Saber lo que ocurre e importancia de la intervención psicoterapéutica
Nuestro psiquiatra subrayó que estos trastornos del ánimo, cognitivos y de personalidad afectan a la funcionalidad y la calidad de vida, así como al proceso de rehabilitación. Sin entrar en los problemas cognitivos, incidió en que el tratamiento de estas alteraciones incluye intervenciones de distinta índole: farmacología, rehabilitación neuropsicológica e intervención familiar. “Pero no me cansaré de decir que la intervención psicoterapéutica, empezando por la parte educativa, es primordial, porque resulta de mucha ayuda a la hora de afrontar la vida cotidiana de las familias que retoman la vida con estos pacientes
En opinión del doctor, hay muchos problemas que no son accesibles a tratamiento farmacológico. La rehabilitación neuropsicológica ofrece técnicas en las que resulta tan importante la restauración como la compensación y siempre ha de tener en cuenta la identidad y el proyecto personal de la persona afectada, además de contar con su participación activa y a ser posible con la de personas de su entorno más cercano para alcanzar la máxima autonomía en todos los ámbitos posibles. Por su parte, la utilidad de los psicofármacos presta gran ayuda ante la sospecha de depresión así como para tratar el insomnio y la irritabilidad.
José Ignacio Quemada expuso algunos casos clínicos para ilustrar con ejemplos las consecuencias psíquicas del DCA, no sin antes reflexionar sobre las causas y evolución de estos trastornos.
Conducta y estados mentales
Porque, ¿cuál es el motor de arranque de la conducta? Ante la falta de un modelo de mente alternativo, pretendemos entender la relación entre la conducta y los estados mentales desde la trilogía de la mente -dijo Quemada-, que se basa en las tres facultades de la mente descritas por Kant en su Crítica del juicio (1791): conocimiento, sentimiento y deseo. Para el filósofo prusiano estos tres estadios no se mezclaban.
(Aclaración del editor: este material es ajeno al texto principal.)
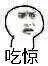 吃惊！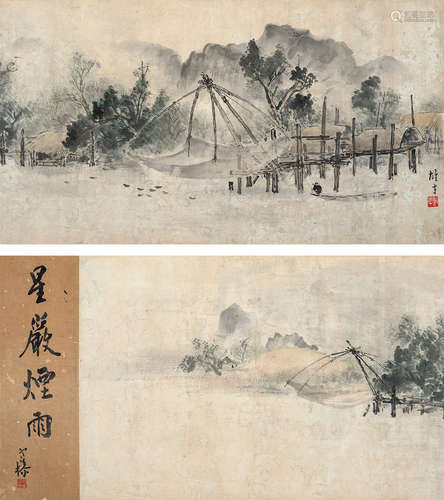 黎雄才（1912～2001） 星岩烟雨 镜框 设色纸本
Tras las aportaciones de la llamada Revolución cognitiva, movimiento intelectual surgido a mediados del siglo XX, la cognición ha visto un gran desarrollo conceptual que no se ha visto correspondido con una sofisticación similar de las emociones o la motivación. Flotan en el aire las preguntas relativas a las formas de relación de estas funciones psíquicas“¿Las emociones son secundarias a las cogniciones? ¿O son los estados afectivos los que llevan a una selección de la información?”, preguntó retóricamente el doctor que destacó asimismo que la jerarquía clásica que reza que las emociones son secundarias a las cogniciones se ve cuestionada en la actualidad.
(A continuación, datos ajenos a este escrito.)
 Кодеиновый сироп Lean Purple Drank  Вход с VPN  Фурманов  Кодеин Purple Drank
El ictus es un accidente cerebrovascular que genera una combinación de síntomas físicos y de problemas mentales. Según el Atlas del ictus en España -publicado en 2019 por la Sociedad Española de Neurología (SEN)-, constituye la primera causa de discapacidad adquirida en las personas adultas, además de ser la primera causa de muerte en mujeres y la tercera en hombres en España (cada año mueren en torno a 27 mil personas a causa de un ictus), cifra que se prevé en aumento debido al progresivo envejecimiento de la población.
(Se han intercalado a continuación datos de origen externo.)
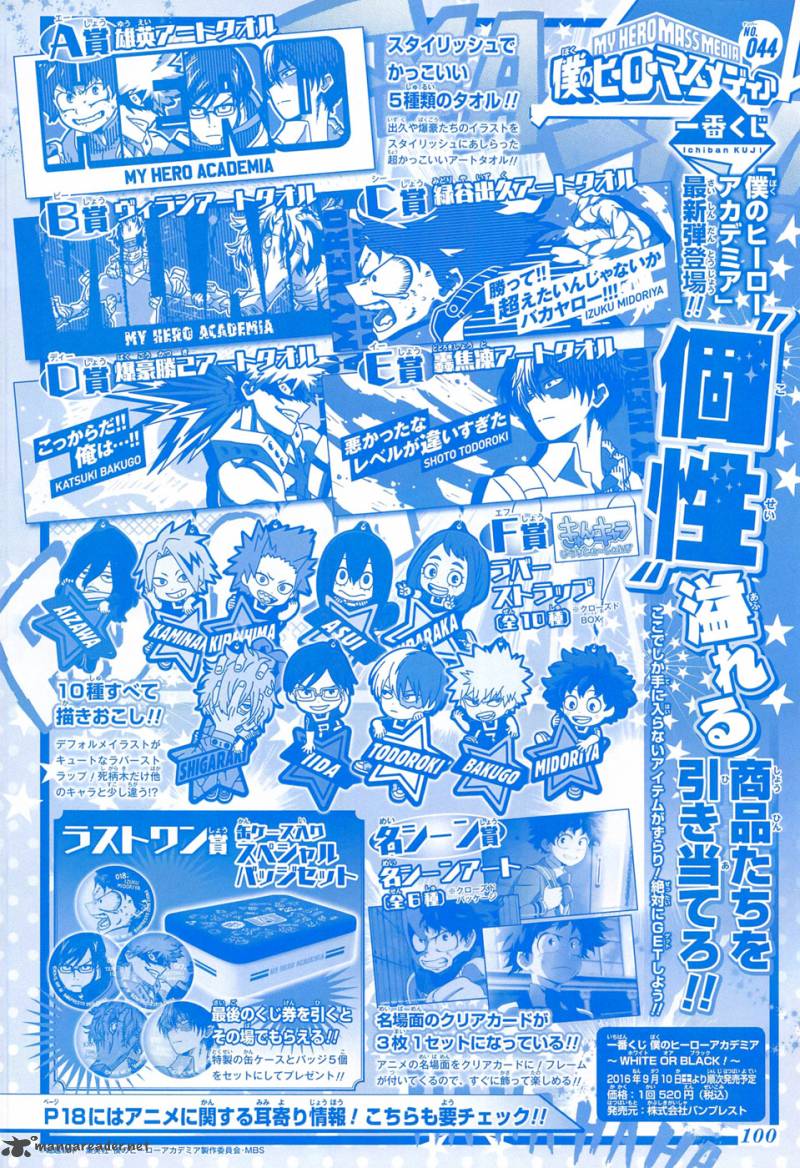 Chapter 100 - Page 2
Hablamos de alrededor de 72.000 casos nuevos al año, de una incidencia de 187,8 casos por cada 100.000 habitantes entre mayores de 18 años, de una altísima prevalencia (en torno a 650.000 personas conviven con el ictus en España, de las cuales 2/3 tienen secuelas significativas y también dos de cada tres más de 65 años). Esta patología supone una gran carga, no solo desde el punto de vista sanitario, sino también personal y familiar, por su impacto en la vida de quienes la sufren y en la de sus cuidadores.